The conditions under which the riveting in cellular and bracket bottoms is accomplished are less favourable to expeditious work. This system of ship’s bottom is greatly more complex in its constructive features than the ordinary bottom. The separate plates and angles which go to form the bracket floor system are to be numbered—in vessels of the average size—by thousands. The frames in such vessels are formed of three parts; one part stretches across the bottom and abuts against the plates forming the sides of the cellular bottom; the other two parts form the sides of the vessel, but are not erected until the bottom portions of the frames have been laid and all the bracket and longitudinal girders are erected and fitted upon them. On the bottom, as thus described, the portable riveters are required to operate, in many instances having to reach the rivets at a distance of 4 feet 6 inches from the edge of the plates, and in confined spaces of 24 inches. When the frames and beams are completely riveted and beginning to be erected, a travelling-crane (in Messrs M‘Millan’s two travelling cranes are employed working from separate ends of the vessel) carrying a large portable riveter, is placed on the top of the floors, with short lengths of planking laid to act as tramways. The perfect control thus obtained is somewhat extraordinary. The crane jib has sufficient rake to command the whole floor of the ship, and every rivet can be closed in the confined spaces already described. Some 800 rivets per day can be put in, many of them at a distance of 4 feet 6 ins. from the edge of the plate. The quality of the work is all that could be desired; in some parts, indeed, the use of the felt-packing necessary in hand work has been found to be unnecessary owing to the tight work obtained by hydraulic riveting. One crane with its riveting machine can, in a vessel of moderate size, say 3,000 to 4,000 tons, fully keep pace with the up-ending of the frames, provided it has something of a start. As it advances the lower deck beams are put in place behind it, and the other work follows in order. In ships of the more ordinary construction, longitudinal keelsons are fitted, which are readily reached by special portable riveters, suspended by means of neat devices, some of them the ideas or suggestions of workmen in Messrs M‘Millan’s service.

The only machine of the series of portable riveters employed by Messrs M‘Millan which remains to be noticed is that which overtakes the riveting of keels. This machine is perhaps one of the most perfect of the series, performing its functions satisfactorily, viewed from whatever standpoint.
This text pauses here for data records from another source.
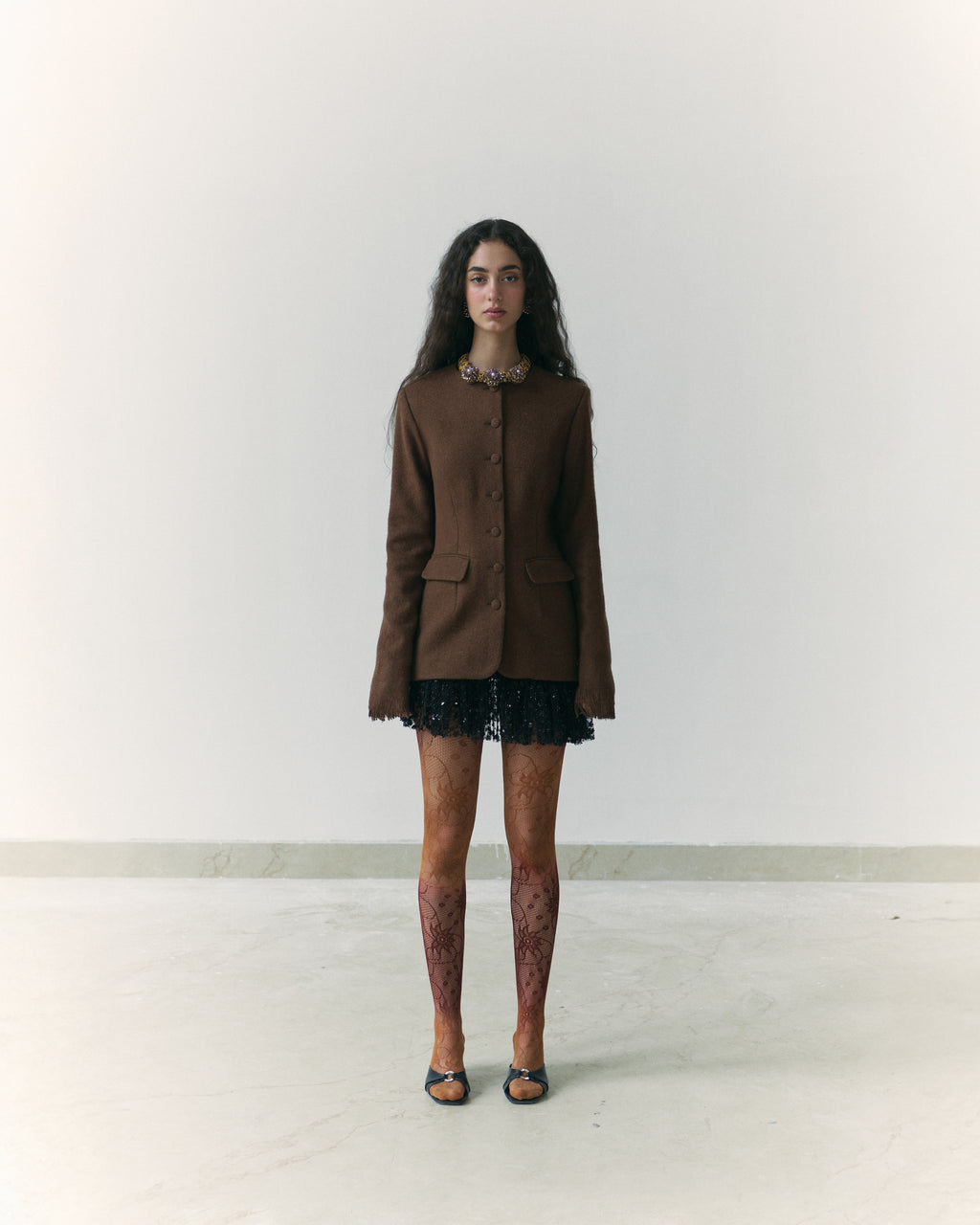 Khadi Fringe Wool Jacket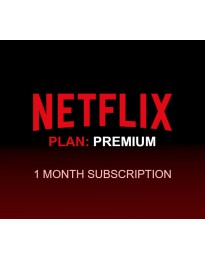 Netflix - 1 Month Premium Plan Subscription Account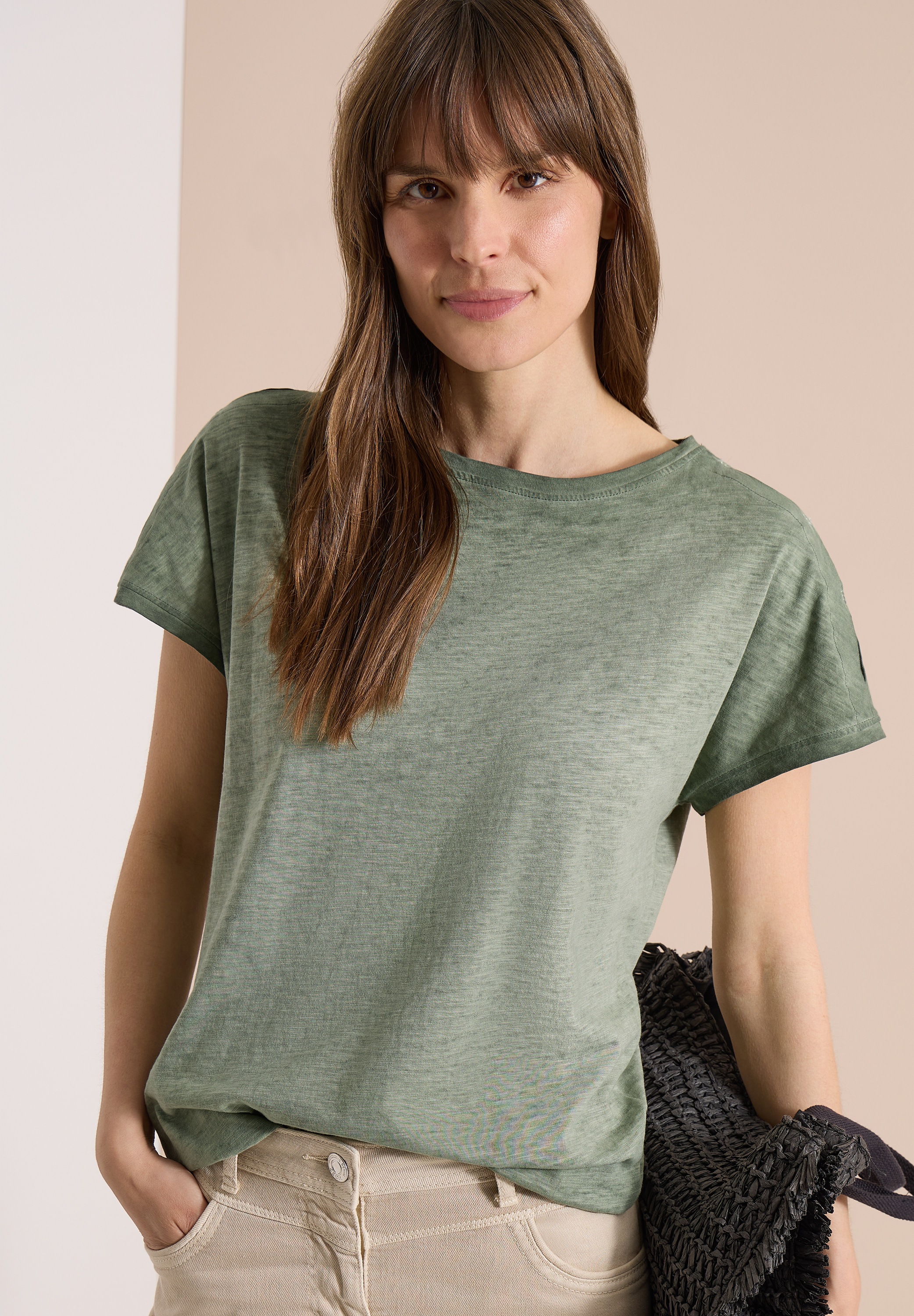 Cecil T-Shirt mit U-Boot-Ausschnitt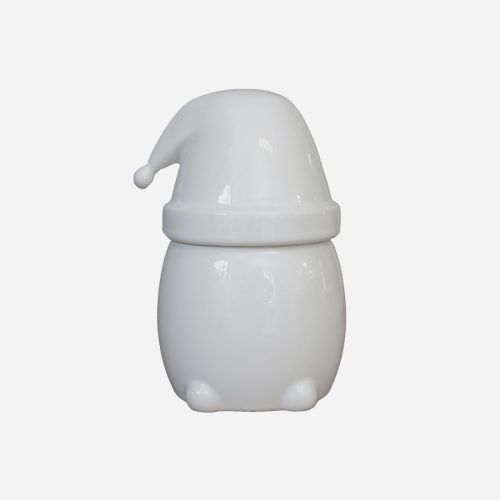 Tomte Skål - Eating Santa - Small - Shiny White - DBKD - 2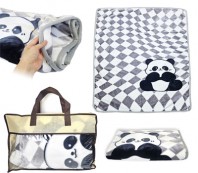 {곰돌이 극세사 무릎담요}사이즈100*125/개별 부직포가방포장/스티커부착가능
The riveting required on the keel of large vessels is very heavy, especially if the through-keelson and side-bar system is adopted, when five thicknesses of plate have to be connected, the rivets employed being 1⅛-inch or 1¼-inch in diameter. The situation is not favourable for getting at the work to be done, the head-room available not often exceeding 2½ or 3 feet. These conditions render great compactness, together with portableness, necessary in the machine. The keel itself was utilised for the attachment of the Tweddell riveter as first tried, then again a sort of light trestle was employed, the riveter being at one end of a lever racking on this. These plans were abandoned, however, in favour of the machine as now used in various yards throughout the country, an illustration of which is given by Fig. 23. A low carriage is travelled down alongside the keel. This carriage supports a balanced lever, carrying at one end the riveter, capable of exerting about 50 tons on the rivet head, and at the other a balance weight. This lever can in its turn revolve horizontally about a short pillar fixed on a turn-table, thus affording unlimited control over the riveter by the man in charge; enabling him, indeed, to adjust the riveter to every irregularity of position or direction of the rivets in keel. As many as 420 1¼-inch rivets per day have been put in by this machine, an amount which is fully equal to the work of two squads of riveters, and in one yard 70 rivets have been closed in as many consecutive minutes.

FIG. 23.

TWEDDELL HYDRAULIC KEEL RIVETER.

It may be stated generally that the several hydraulic riveters require two men to work them, and the rivets are heated in portable furnaces and dealt out in any quantities required, by a boy in attendance. The quality of the work done is superior to hand work, chiefly in that when rivets are well heated the pressure is equalised, and affects the rivets throughout their entire length, filling the holes to their utmost. This advantage tells more in the case of keel riveting, and that it is so is evidenced by the fact, as communicated by a foreman having great experience, that rivets ¼-inch longer than rivets closed by hand have even less superfluous surface material when closed by the machine.

From the facts above detailed, taken in conjunction with the opinions of such authorities as Mr West, it can fairly be claimed for Mr Tweddell as the inventor of the earliest of the hydraulic riveters now so extensively employed in shipyards, that he has greatly improved the character of work in ship construction. Not only so, but he has relieved the shipyard artizan from a species of work which requires little or no skill in its execution—work, indeed, which may properly be relegated to, as it certainly in course of time will be included in, that vast domain in which water, steam, electricity, and the other natural powers are so wondrously made to play their part.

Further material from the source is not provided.